A great Cuban has celebrated a great birthday on the island. Marta Rojas turned 90-years-old a few days ago. She was born on May 17th, 1928, in Santiago de Cuba. As a revolutionary, a journalist, and an author, she is nonpareil as a Cuban treasure.
The photo above shows Marta Rojas with Fidel Castro in the very early days of Revolutionary Cuba. Note her smile and his expression on that happy Cuban day.
In December of 1959 it was Marta Rojas, as shown above, who introduced Fidel Castro for his very first television address to the Cuban people as their new leader.

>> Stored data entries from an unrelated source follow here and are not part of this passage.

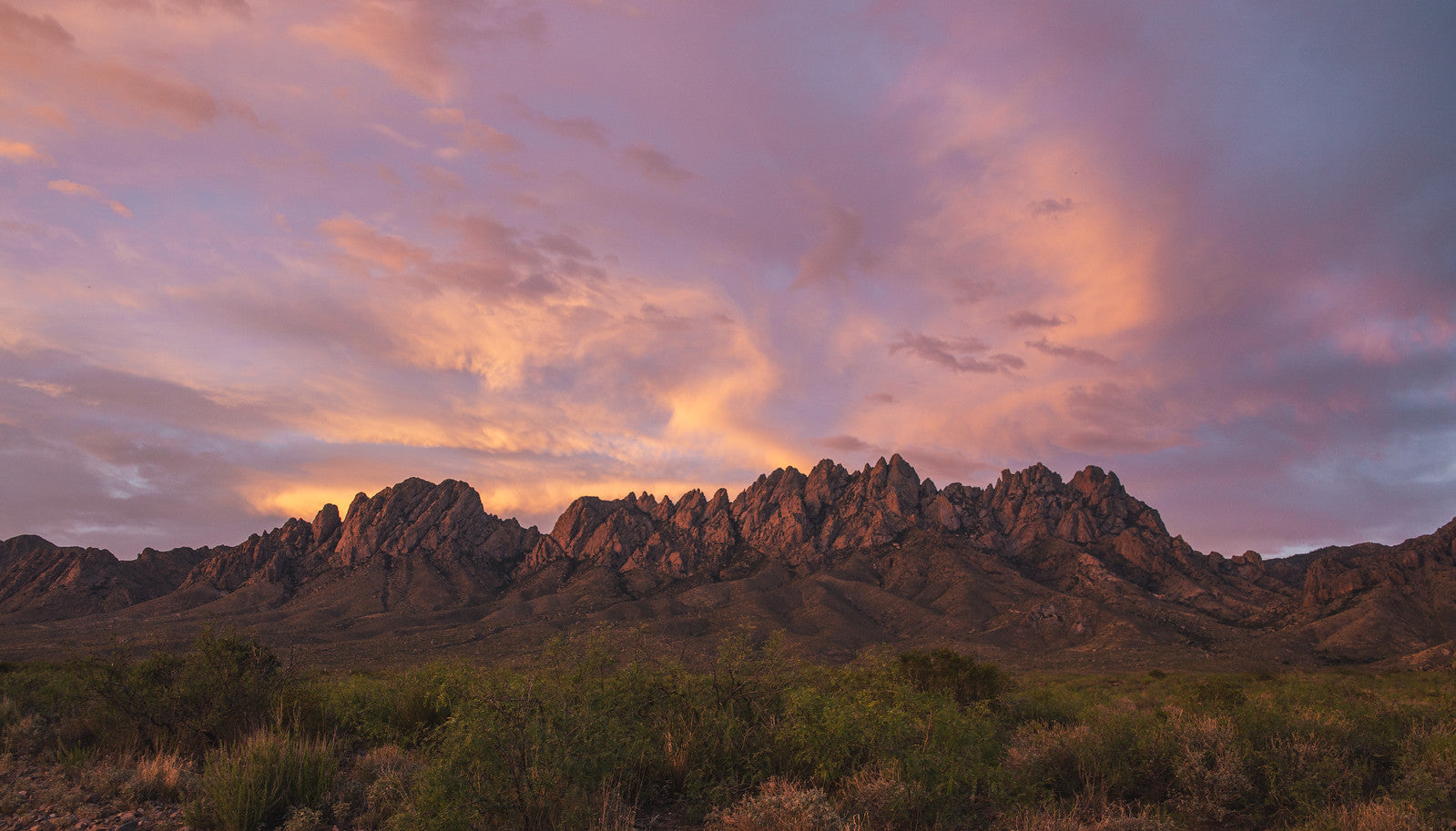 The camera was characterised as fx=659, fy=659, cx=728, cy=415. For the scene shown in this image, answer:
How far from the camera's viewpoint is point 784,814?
9.44 metres

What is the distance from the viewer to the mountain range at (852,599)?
116875 mm

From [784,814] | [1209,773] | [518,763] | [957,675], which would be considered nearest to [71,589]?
[957,675]

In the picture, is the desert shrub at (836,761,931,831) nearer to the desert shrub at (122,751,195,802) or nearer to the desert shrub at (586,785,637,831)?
the desert shrub at (586,785,637,831)

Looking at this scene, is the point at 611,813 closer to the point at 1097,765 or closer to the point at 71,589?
the point at 1097,765

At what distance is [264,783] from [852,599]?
151 m

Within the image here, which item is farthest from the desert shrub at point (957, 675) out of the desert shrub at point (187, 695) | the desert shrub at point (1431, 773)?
the desert shrub at point (187, 695)

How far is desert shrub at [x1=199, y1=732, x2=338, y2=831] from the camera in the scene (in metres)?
10.1

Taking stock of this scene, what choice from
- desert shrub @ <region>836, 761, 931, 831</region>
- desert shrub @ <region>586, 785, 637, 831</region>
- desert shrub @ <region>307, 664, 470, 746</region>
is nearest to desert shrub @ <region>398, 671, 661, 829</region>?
desert shrub @ <region>586, 785, 637, 831</region>

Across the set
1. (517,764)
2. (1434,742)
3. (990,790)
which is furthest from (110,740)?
(1434,742)

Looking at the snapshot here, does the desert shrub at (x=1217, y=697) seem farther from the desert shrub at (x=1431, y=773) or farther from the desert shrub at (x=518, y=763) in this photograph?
the desert shrub at (x=518, y=763)

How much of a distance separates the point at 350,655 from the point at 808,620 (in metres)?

When I was in Cuba in 2004, with permission from the fiercely counter-revolutionary George W. Bush administration, to research Cuba's incomparable revolutionary heroine Celia Sanchez, the notable journalist Tracey Eaton told me that Marta Rojas knew more about Celia Sanchez, Fidel Castro, and the Cuban Revolution than any person on the planet. He also told me she was "one of the sweetest humans on the planet." Through Tracey I got to know Marta and all of Tracey's glowing introductory remarks were true. Graciously, she helped me with my biography of Celia Sanchez via email exchanges after I returned to Wyoming. As the planet's greatest expert on Celia Sanchez, Fidel Castro, and their remarkable Revolution, Marta told me in a 2005 email, "Since Celia died of cancer in 1980, Fidel has ruled Cuba only as he precisely believes she would want him to rule it." To this day, in my firm opinion, that is the most definitive sentence that has ever described the historic relationship between two of history's greatest revolutionary figures.
The photo above shows Marta Rojas at age three on a hot day in Santiago de Cuba in 1931. The umbrella protected her from the tropical sun. Of all the people still alive today, no one worked more closely with Celia Sanchez and Fidel Castro as Marta did, and no living soul knows as much about Celia and Fidel as Marta does.
As indicated above, two generations of Cubans have very wisely listened to Marta Rojas on issues related to either the Cuban Revolution or Revolutionary Cuba.
Now at age 90, Marta Rojas, shown here on the right holding the microphone, still knows much more about the Revolution and today's Cuba than anyone else.
And speaking of definitive quotations, The Woman Project.org believes that Celia Sanchez herself best defined the Cuban Revolution: "We rebels...get far too much credit for winnng the revolution. Our enemies deserve most of the credit, for being greedy cowards and idiots." Of course, since 1959 the Cuban narrative in the United States compels Americans to disagree with Celia Sanchez but, from its start in 1952 until whenever it might end, history's greatest female guerrilla fighter and revolutionary leader knew far more about that unique event than all of America's counter-revolutionaries -- Celia's "enemies" -- ever thought about knowing. And that's why Celia Sanchez won and that's why her imprint to this day helps explain the startling longevity, against overwhelming odds, of history's most redoubtable revolution.